The technology of head-up displays (HUDs) originated in aviation and is now mainly used in cars. Through the interaction of imaging unit, optics module and projection surface, important information is projected directly into the driver’s field of vision. How does this work exactly? And how are the individual components manufactured?

A head-up display (HUD) is a display projected into the user’s field of vision. For example, in cars, details like speed, navigation instructions, or warnings are displayed on the windscreen as if there were a display in front of the bonnet. This means that the driver does not have to take his eyes off the road, which increases safety. This is where the name comes from.

The evolution of HUDs from aviation to automotive engineering

The history of HUDs dates back to the 1940s, when they were first used in the weapon sights of fighter planes. Over time, these systems evolved into complex windscreen and have now become standard in civilian aircraft, such as the Airbus A350 and Boeing 787.

The technology quickly spread to the automotive sector. As early as 1988, Nissan had integrated a HUD system in the Silvia S13 and General Motors in their Oldsmobile Cutlass Supreme.

Three core components: How do HUDs work?

A HUD consists of three main components: an imaging unit, an optics module and the projection surface. The imaging unit is a computer with an LED light source for generating images.

This light first encounters the optics module, the core of the HUD system. Inside this so-called collimator lies simple but precise physics. A lens or an aspherical mirror refracts the divergent LED light into parallel beams. Due to limited space, multiple lenses and folding mirrors are used. If they do not meet the highest requirements, no clean image can be projected onto the pane.

In HUD technology, the projection surface is also known as a combiner. This is a semi-transparent mirror that transmits the ambient light and reflects the HUD light, thus creating a combined view of the environment and HUD. If the combiner is integrated into the windscreen, it is called a windscreen HUD. If it is realised as an external plastic panel installed between the driver and the windscreen, the system is termed a combiner HUD.

Overview of the manufacture of the key HUD components

The external combiner pane is made of plastic and exhibits an aspherical form. It adheres to tight tolerances to permit a sharp, undistorted image display. The pane edge is milled in such a manner that it remains imperceptible to the driver. Further, it is coated to be scratch-resistant and anti-reflective.

For a windscreen-integrated combiner, the laminated glass’s safety film frequently serves as the combiner. The car pane is composed of two layers of glass and a thin Polyvinyl Butyral (PVB) interlayer, which prevents the glass from shattering in an accident. To achieve sharp projection without ghosting, it executed in a wedge shape to counterbalance the reflections between the different layers of glass as well as the windscreen’s angled orientation relative to both the driver and the optics module.

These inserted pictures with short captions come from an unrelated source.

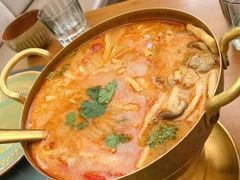-Tegu泰古莲·泰国餐厅(红山6979店)
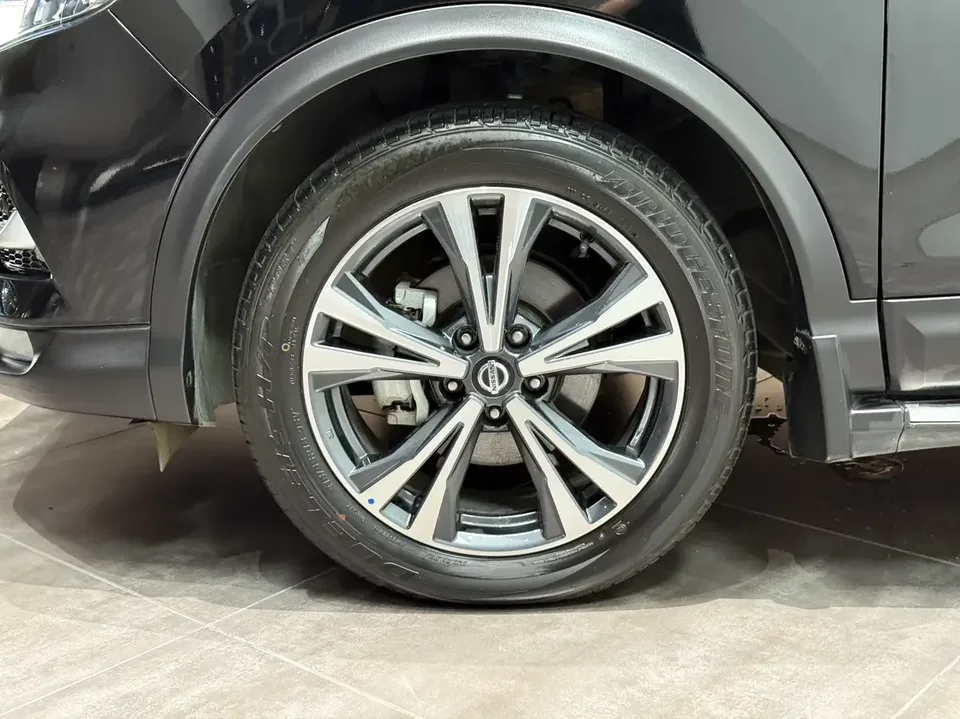 Nissan Qashqai Qashqai 2022 2.0L XV Prem. Deluxe Edition 2023 — thumbnail 4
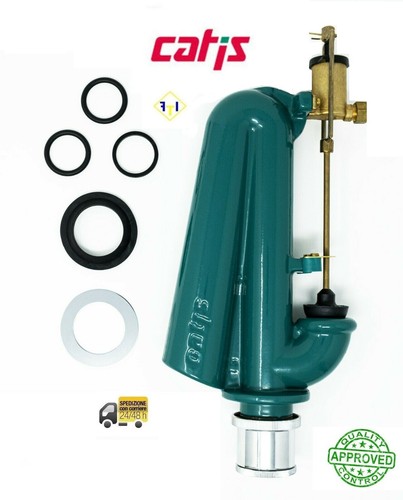 Catis scarico bagno senza - catis,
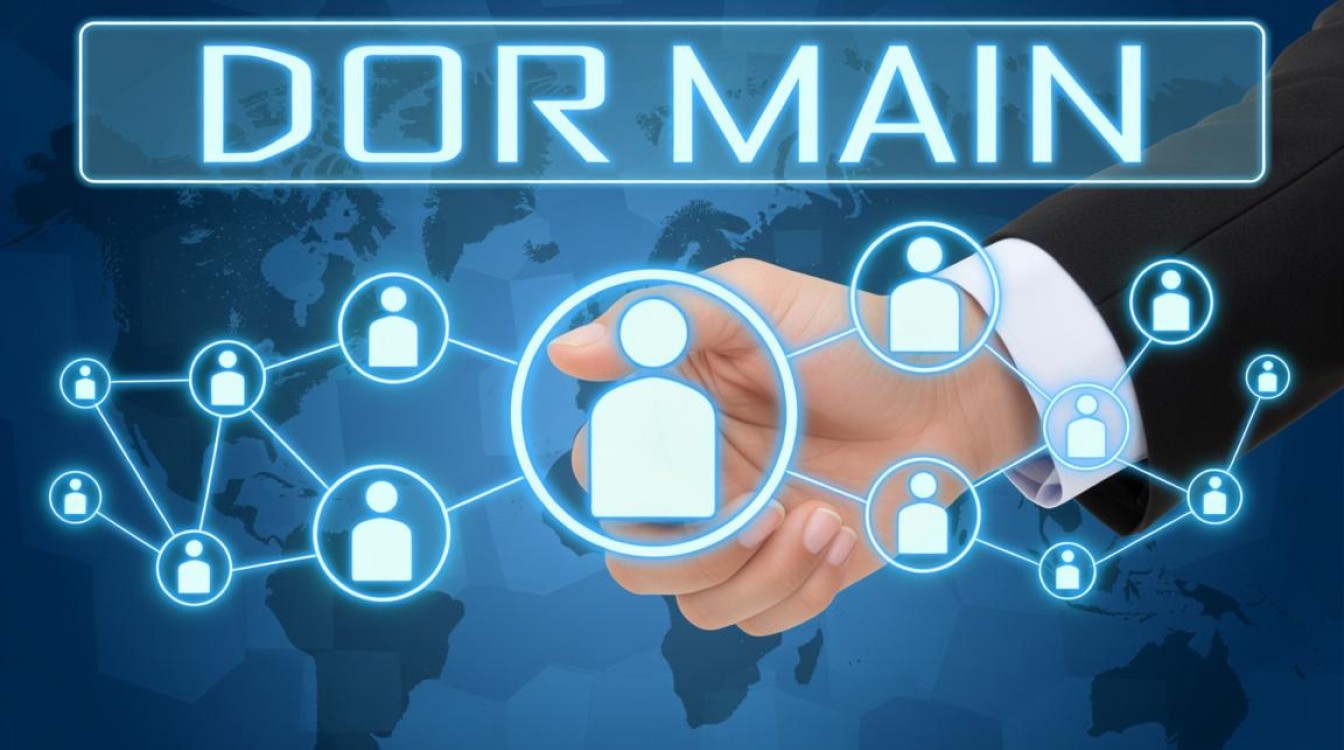 探讨常见国外顶级域名,为何这些域名广受欢迎? 探讨常见国外顶级域名,为何这些域名广受欢迎?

Within this module, precision optics constructed from technical polymers are installed. Cyclo-Olefin Polymer (COP) represents a group of plastics widely used in the optical industry. They are employed in situations where glass can be substituted with plastic – such as in mobile phone camera lenses or indeed in HUDs.

The injection moulding process allows lenses to be produced with a minimised risk of defects like streaks or blowholes. Post-moulding, the optics are ground and polished, and treated with dielectric and anti-reflective coatings.

The completed components undergo rigorous quality control. Here, high-precision measuring instruments such as interferometers and scanning electron microscopes are deployed. A final calibration and check of the entire module ensures that it meets the high-quality standards before it is finally integrated into the finished HUD system.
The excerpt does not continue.